Luísa empurrou-lhe o outro copo: "Logo volto para Los Angeles. Pretendo lançar a receita da Penicilina em grande escala. Vou chamá-la de Penicilina de Luísa e Martin."

"Penicilina de Luísa combina mais", disse Martin, sem se importar em ceder o crédito. Passou o dedo pelos lábios dela: "Afinal, ela cura a alma da Luísa, bêbada e sedutora."

Coquetéis derivados de outras bebidas não podem ser patenteados e a receita vale pouco; quem entende de bebidas logo consegue reproduzir.

Luísa, apoiada no balcão, realçava suas curvas e comentou: "Você é ambicioso mesmo."

"Queria te perguntar uma coisa. Kelly mencionou aquele novo roteiro, dos dançarinos zumbis." Martin explicou a situação de modo apropriado.

Luísa brindou com Martin, terminou seu copo e avaliou: "Kelly tem razão em se preocupar. No setor cinematográfico, o percentual de filmes que dão lucro a curto prazo é absurdamente baixo. Lembra da produtora que financiou O Exterminador do Futuro?
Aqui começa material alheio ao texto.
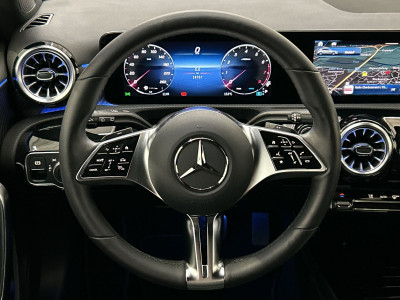 Mercedes-Benz A-Klasse Gebrauchtwagen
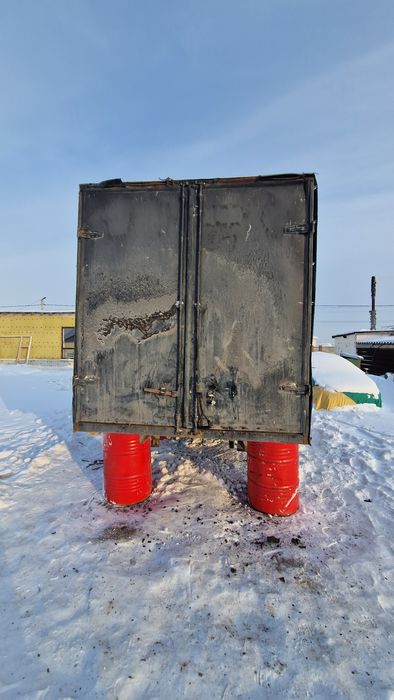 Газель борт 4,20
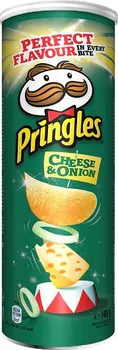 Chips Pringles 165 g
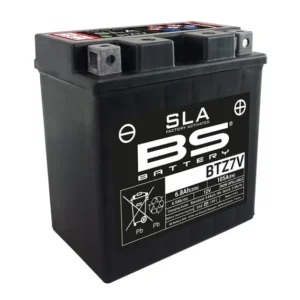 Batería BS BATTERY SLA BTZ7V (FA)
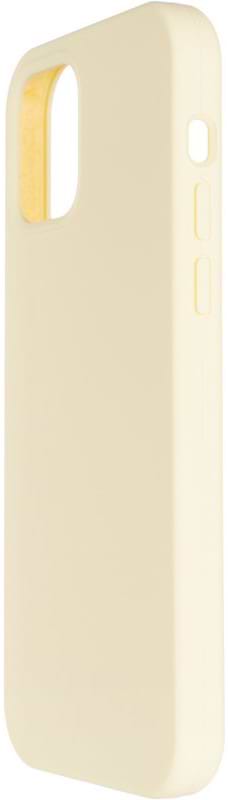 Фото - Чохол для смартфону Gelius Original Full Soft Case for iPhone 12/12 Pro Mellow Yellow (88954)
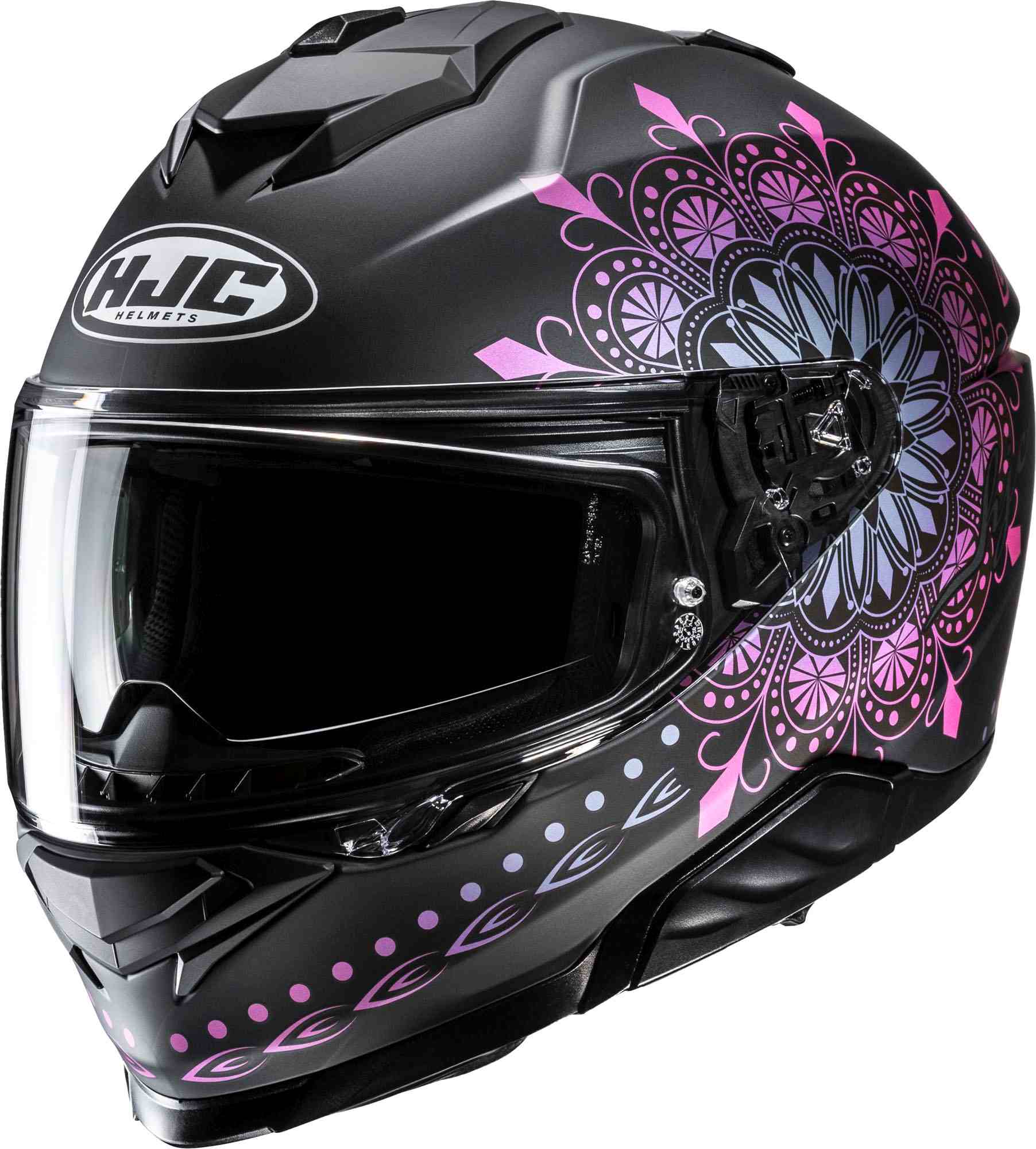 HJC i71 Niel Casco L (58/59) Figura 1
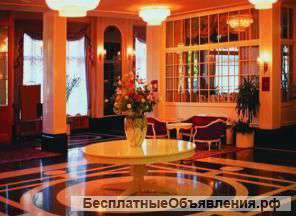 Полный комплекс строительных услуг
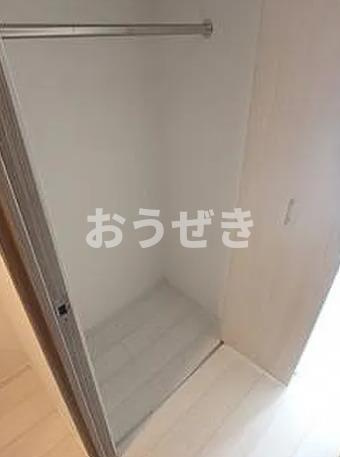 ガーラ・リバーサイド横濱南の設備|※同仕様参考写真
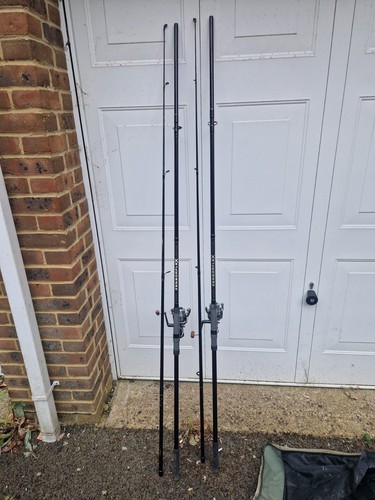 Ron thomson fishing rods - fishing,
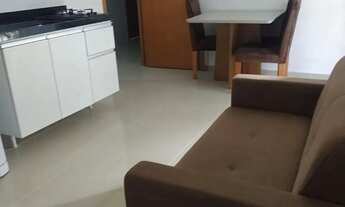 Imagem 6: Imóvel para aluguel tem 32 metros quadrados com 1 quarto em Bessa - João Pessoa - PB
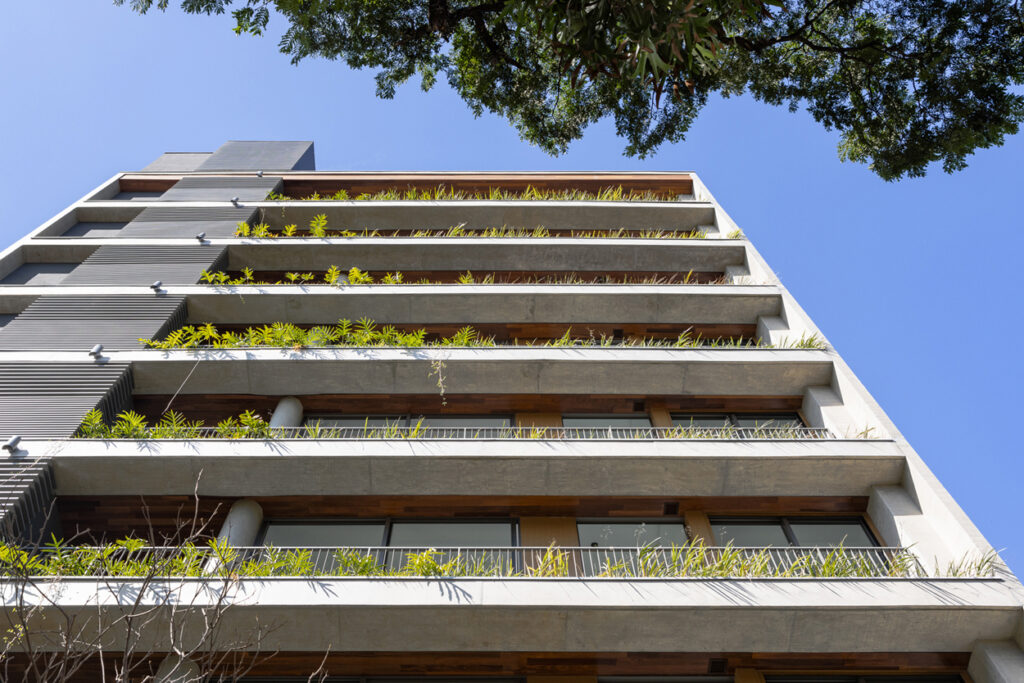 aflalo/gasperini arquitetos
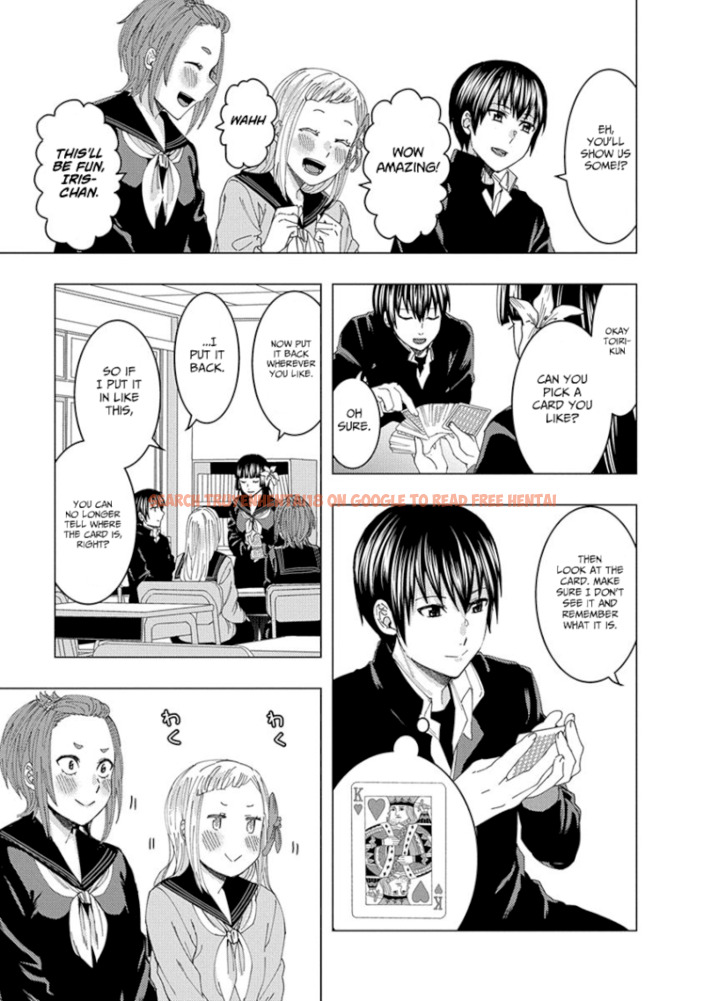 Read Hentai Image 3 973 in comic Jiken Jaken! - Chapter 41 - hentaitnt.net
Era um sucesso, mas bastou fracassar com A Ilha da Garganta Cortada para afundar."

Ela serviu mais para ambos: "Mas, para você, pessoalmente, pode trazer muitos benefícios."

Martin fez cara de quem ouvia atentamente.

Luísa acariciou levemente o belo rosto de Martin: "Você me deu a Penicilina e prometi te dar conselhos e ajuda. Vamos começar agora."

Nesse momento, ela perguntou de repente: "Está mesmo preparado? Esse meio é dez, cem vezes mais caótico do que as descrições mais sombrias e vis dos jornais. Ele só perde para o setor financeiro de Nova York e para a política de Washington!"